The purpose of this study was to determine whether subjects with high serum thyrotropin (TSH) levels and low-normal serum thyroxine (T4) levels are euthyroid, as a result of the increased TSH stimulation of the thyroid, or hypothyroid. As a model to study this clinically important problem we analyzed serum cholesterol (Chol), triglyceride (Tg), TSH, T4, and triiodothyroxine (T3) before and 7, 10, and 12 weeks after sham operation (SO), hemithyroidectomy (Htx), and total thyroidectomy (Ttx) in 33 male Sprague—Dawley rats. By 7 weeks after Ttx serum TSH levels increased from 861 ± 84 to 9657 ± 644 ng/ml, T4 decreased from 3.7 ± 0.18 to 0.84 ± 14 ng/ml, and T3 decreased from 0.317 ± 0.026 to 0.217 ± 0.007 ng/ml (P < 0.001). Serum Chol increased from 69.6 to 112.5 mg/dl, whereas Tg decreased from 70.93 ± 3.56 to 50.54 ± 4.18 mg/dl (P < 0.01). After Htx serum TSH levels were higher than before operation and were higher than in the SO group (P < 0.05); serum T4 and T3 levels tended to be lower than before Htx and lower than in the SO group, but this decrease was only significant for both T4 and T3 10 weeks after operation (P < 0.05); serum Chol and Tg levels were the same in Htx and SO animals. Thus, after Ttx (1) serum T3 and T4 levels decrease, (2) serum TSH levels increase, (3) serum Chol levels increase, and (4) serum Tg levels decrease. After Htx (1) serum TSH levels increase, (2) serum T3 and T4 levels are low-normal or slightly low, (3) serum Chol and Tg levels are normal.
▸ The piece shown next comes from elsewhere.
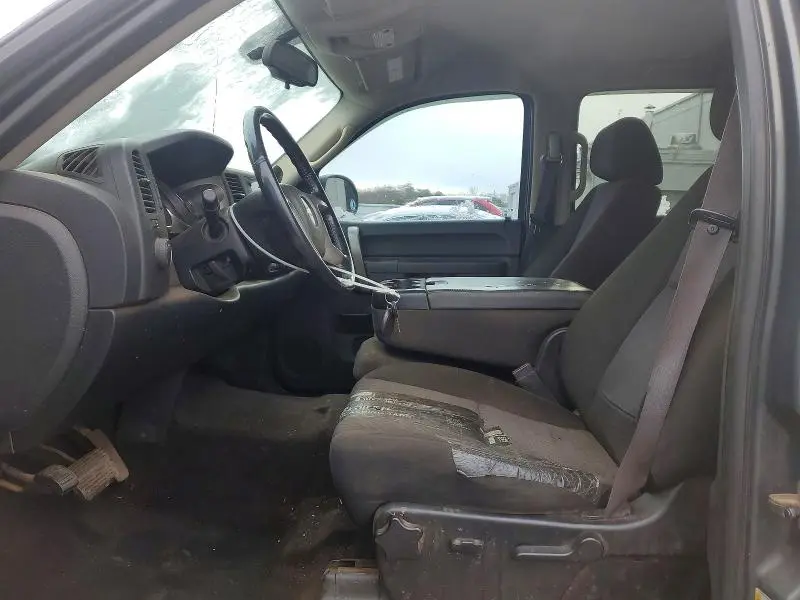 2011 CHEVROLET SILVERADO K1500 LT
It appears that increased TSH stimulation of the thyroid gland can maintain normal serum lipid levels in the presence of low-normal or slightly low thyroid hormone concentrations. Thus, animals with increased serum TSH levels and low-normal or slightly low thyroid hormone levels are either not hypothyroid or serum lipid levels are an insensitive indicator of hypothyroidism.